It's the square root in all cases.

2D R = sqrt(a^2+b^2)

3D R = sqrt(a^2 +b^2 + c^2)

4D R = sqrt(a^2 + b^2 +c^2 + d^2)

ND R = sqrt(a^2 + b^2 +c^2 + d^2 + .... + N^2)

The reason is because it is essential Pythagoras Theorem C^2 = A^2 + B^2, but extended into higher dimensions.

If we put that into units of metres for example, then all quantities are in square metres, and so taking the square root reduces all quantities to metres. If you take the sum of teh squares, you get an answer in square metres, but if you take the 4th root, then you reduce it to a very weird unit of metres raised to the power of one half, i.e. square-root metres, which is like an inverse area, which may be fun in maths, but has little physical meaning in the real world.

A little proof for those who wish to follow along.

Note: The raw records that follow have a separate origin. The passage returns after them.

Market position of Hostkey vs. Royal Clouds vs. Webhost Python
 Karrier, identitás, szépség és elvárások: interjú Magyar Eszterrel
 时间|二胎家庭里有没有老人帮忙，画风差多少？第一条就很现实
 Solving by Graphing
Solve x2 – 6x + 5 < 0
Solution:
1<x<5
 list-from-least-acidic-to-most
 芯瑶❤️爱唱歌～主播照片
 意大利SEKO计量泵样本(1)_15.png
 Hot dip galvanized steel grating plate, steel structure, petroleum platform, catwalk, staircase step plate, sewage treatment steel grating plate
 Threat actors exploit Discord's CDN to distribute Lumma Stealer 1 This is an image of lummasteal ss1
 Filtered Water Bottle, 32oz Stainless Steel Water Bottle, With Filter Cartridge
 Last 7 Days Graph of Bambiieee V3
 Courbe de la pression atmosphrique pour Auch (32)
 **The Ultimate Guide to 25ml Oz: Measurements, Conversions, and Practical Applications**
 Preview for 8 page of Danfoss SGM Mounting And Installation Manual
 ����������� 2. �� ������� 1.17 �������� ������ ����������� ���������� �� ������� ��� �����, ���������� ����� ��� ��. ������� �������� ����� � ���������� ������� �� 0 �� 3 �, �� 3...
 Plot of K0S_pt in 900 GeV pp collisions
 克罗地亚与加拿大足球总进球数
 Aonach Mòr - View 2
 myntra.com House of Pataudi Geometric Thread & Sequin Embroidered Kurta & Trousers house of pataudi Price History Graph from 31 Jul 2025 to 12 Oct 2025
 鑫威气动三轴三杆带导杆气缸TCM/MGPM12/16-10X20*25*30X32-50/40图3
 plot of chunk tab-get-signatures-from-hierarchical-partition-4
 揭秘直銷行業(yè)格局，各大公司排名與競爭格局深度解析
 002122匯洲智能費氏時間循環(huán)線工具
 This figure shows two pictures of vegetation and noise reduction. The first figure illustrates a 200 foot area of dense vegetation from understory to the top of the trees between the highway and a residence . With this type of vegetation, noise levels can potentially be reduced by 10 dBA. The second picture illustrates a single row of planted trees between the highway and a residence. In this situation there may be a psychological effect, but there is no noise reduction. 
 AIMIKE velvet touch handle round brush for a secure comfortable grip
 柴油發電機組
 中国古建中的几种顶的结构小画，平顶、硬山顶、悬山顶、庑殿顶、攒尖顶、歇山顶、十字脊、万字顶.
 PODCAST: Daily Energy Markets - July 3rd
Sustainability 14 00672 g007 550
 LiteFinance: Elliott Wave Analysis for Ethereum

Imagine that we have a rectangular box, of length a, width b, and height c and we want to find the distance, d, between opposite corners through the box, such as the image below. We can break it down into two right angle triangles, one with base a, height b and hypotenuse k, and another of base k, height c and hypotenuse d.


from [ceemrr.com]



Thus the length of k is given by Pythagoras as

k^2 = a^2 + b+2 (Equation 1)

and length d is given by

d^2 = k^2 + c^2 (Equation 2)

We can substitute equation 2 into equation one to get

d^2 = a^2 +b^2 +c^2. (Equation 3)

This is the proof for 3D, but the argument is similar for any dimensional shape (4D, 5D up to nD), and so the general equation is

d^2 = (x1^2 + x2^2 +x3^2 +x4^2 +...+ xn^2) (Equation 4)

where the number after the x labels a particular dimension (1st, 2nd, 3rd, 4th, etc up to nth), with the magnitude of d obtained by taking the square root Equation 4 above (i.e. d is the square root of the sums of the squares up to the nth dimension).

Jonny